_Source data_.
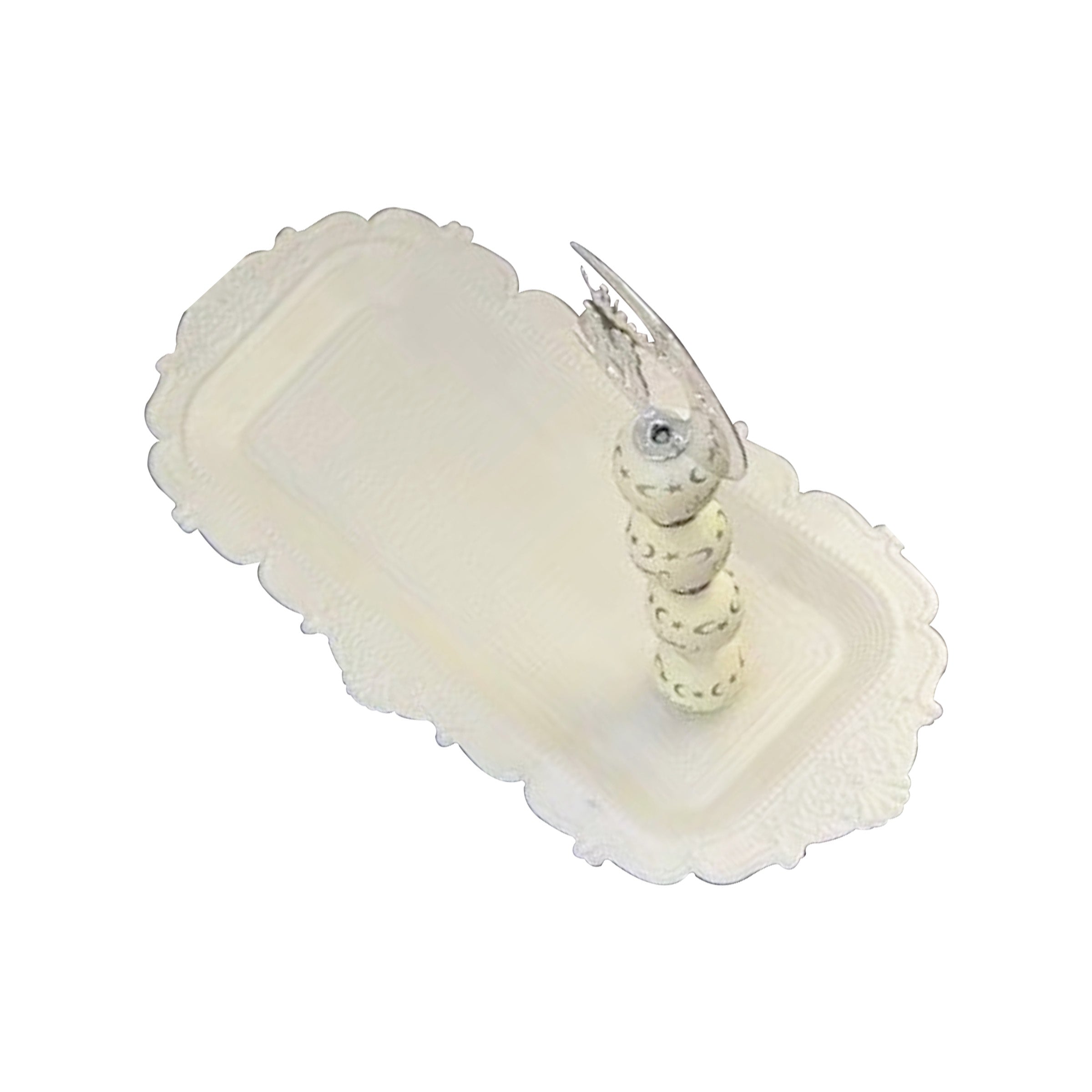 Ramadan Tray with bead (Lace edge) Beige - RM25-231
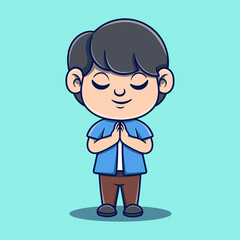 Adorable Little Boys Praying Cartoon Vector Illustration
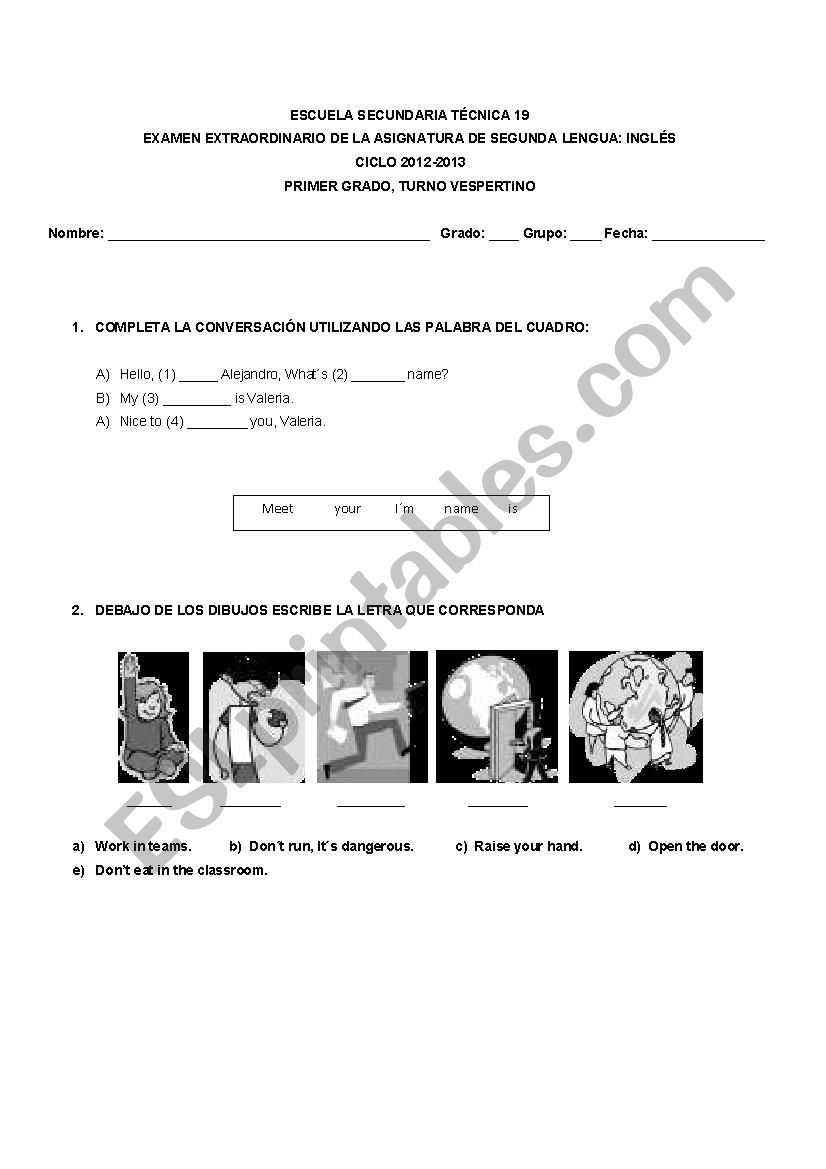 GENERAL TEST 1 worksheet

_Work item_.
Please write out the lines from the one that holds "Adorable Little Boys" through the end of the material, both ends included, exactly and with no pictures.

_Finished exercise_.
 Adorable Little Boys Praying Cartoon Vector Illustration
 GENERAL TEST 1 worksheet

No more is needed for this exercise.